As journal files grow with every update they use up disk faster than database files do. GT.M issues messages when a journal file reaches within three, two and one extension size number of blocks from the automatic journal file switch limit. GT.M also issues messages when a journal file reaches its specified maximum size, at which time GT.M closes it, renames it and creates a new journal file. Journal files covering time periods prior to the last database backup (or prior to the backup of replicating secondary instances) are not needed for continuity of business, and can be deleted or archived, depending on your retention policy. Check the amount of free space in file systems at least hourly and perhaps more often, especially file systems used for journaling, and take action if it falls below a threshold.

GT.M uses monotonically increasing relative time stamps called transaction numbers. You can monitor growth in the database transaction number with DSE DUMP -FILEHEADER. Investigate and obtain satisfactory explanations for deviations from the baseline rate of growth.

After a MUPIP JOURNAL -ROLLBACK (non replicated application configuration) or MUPIP JOURNAL -RECOVER -FETCHRESYNC (replicated application configuration), you should review and process or reconcile updates in the broken and unreplicated (lost) transaction files.

In a replicated environment, frequently (at least hourly; more often suggested since it takes virtually no system resources), check the state of replication and the backlog with MUPIP REPLICATE -CHECKHEALTH and -SHOWBACKLOG. Establish a baseline for the backlog, and take action if the backlog exceeds a threshold.

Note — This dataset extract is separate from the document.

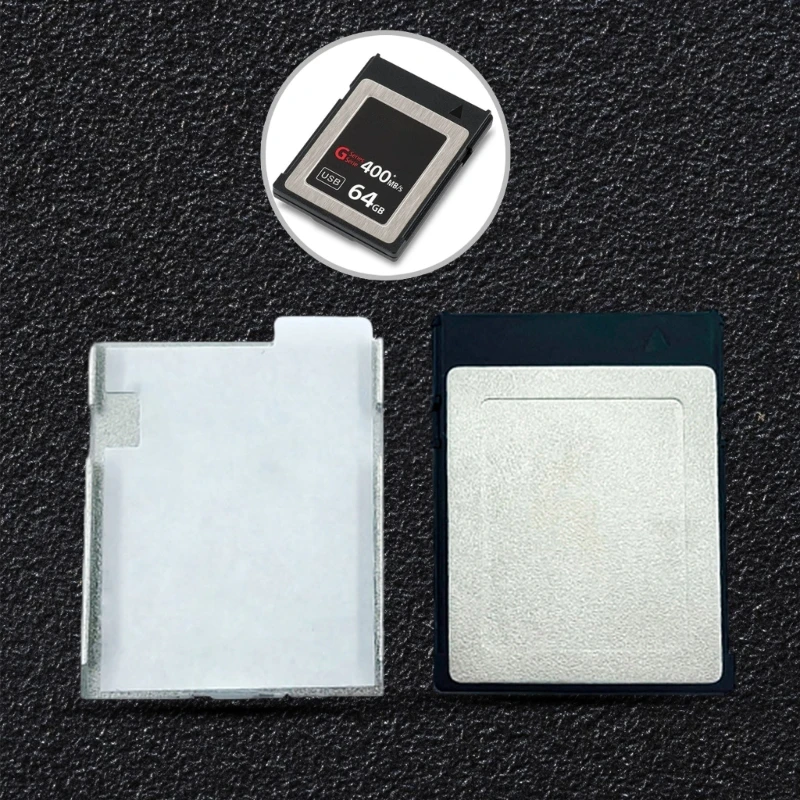 Рисунок 2 - Защитная крышка карты CFE типа B XQD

When a GT.M process terminates abnormally, it attempts to create a GTM_FATAL_ERROR.ZSHOW_DMP_* file containing a dump of the M execution context and a core file containing a dump of the native process execution context. The M execution context dump is created in the current working directory of the process. Your operating system may offer a means to control the naming and placement of core files; by default they are created the current working directory of the process with a name of core.*. The process context information may be useful to you in understanding the circumstances under which the problem occurred and/or how to deal with the consequences of the failure on the application state. The core files are likely to be useful primarily to your GT.M support channel. If you experience process failures but do not find the expected files, check file permissions and quotas. You can simulate an abnormal process termination by sending the process a SIGILL (with kill -ILL or kill -4 on most UNIX/Linux systems).

	Caution
	Dumps of process state files are likely to contain confidential information, including database encryption keys. Please ensure that you have appropriate confidentiality procedures as mandated by applicable law and corporate policy.

GT.M processes issued with the JOB command create .mje and .mjo files for their STDERR and STDOUT respectively. Analyze non-empty .mje files. Design your application and/or operational processes to remove or archive .mjo files once they are no longer needed.

Use the environment variable gtm_procstuckexec to trigger monitoring for processes holding a resource for an unexpectedly long time. $gtm_procstuckexec specifies a shell command or a script to execute when any of the following conditions occur:

An explicit MUPIP FREEZE or an implicit freeze, such as for a BACKUP or INTEG -ONLINE that lasts longer than one minute.
MUPIP actions find kill_in_prog (KILLs in progress) to be non-zero after a one minute wait on a region.
BUFOWNERSTUCK, INTERLOCK_FAIL, JNLPROCSTUCK, SHUTDOWN, WRITERSTUCK, MAXJNLQIOLOCKWAIT, MUTEXLCKALERT, SEMWT2LONG, and COMMITWAITPID operator messages are being logged.

The shell script or command pointed to by gtm_procstuckexec can send an alert, take corrective actions, and log information.

	Note
	Make sure user processes have sufficient space and permissions to run the shell command / script.